Beflügelt die allgemeine Unsicherheit die Kreuzfahrt-Nachfrage?
Auf den ersten Blick ja. Die Zahl der Kreuzfahrtgäste ist in den vergangenen Jahren kräftig gewachsen. 2016 verbrachten 2,02 Millionen Deutsche ihren Urlaub auf dem Meer – 11,3 Prozent mehr als 2015. Die Frage ist jedoch, was die Ursachen für dieses starke Wachstum sind. «Die großen Zuwächse haben vor allem andere Gründe», ist Helge Grammerstorf vom Kreuzfahrtverband Clia Deutschland überzeugt. «Die Kreuzfahrtbranche hat in den vergangenen Jahren immer große Zuwächse erzielt – egal, ob es Anschläge und politische Krisen gab oder nicht.» Als wichtigsten Grund für das Wachstum nennt Grammerstorf das immer größere Angebot an Schiffen.

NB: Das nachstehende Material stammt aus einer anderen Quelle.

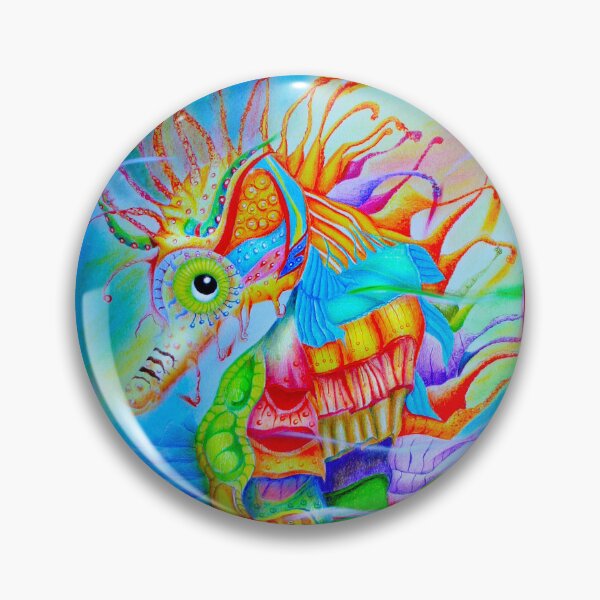 Item preview, Seahorse designed and sold by IsabelSalvador.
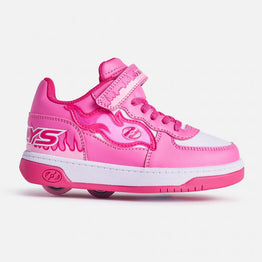 Heelys Rezerve Low X2 - Pink / Hot Pink / White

Auch für Kirstges ist die Sicherheit ein Aspekt für den Erfolg von Kreuzfahrten – «aber nicht der alleinige oder entscheidende Grund». Vielmehr würden Kreuzfahrten für immer mehr Leute bekannt, verfügbar und erschwinglich. Die Sicherheitsvorteile gäben dem Gast allerdings ein «leichteres, unbeschwertes Urlaubsgefühl».
Die Travelzoo-Umfrage stützt die These, dass es nur einen kleinen Zusammenhang gibt. Nur 4 Prozent der Befragten antworteten, dass sie sich für eine Kreuzfahrt statt einer anderen Art von Urlaub entscheiden würden, um dadurch ihre Sicherheit zu erhöhen.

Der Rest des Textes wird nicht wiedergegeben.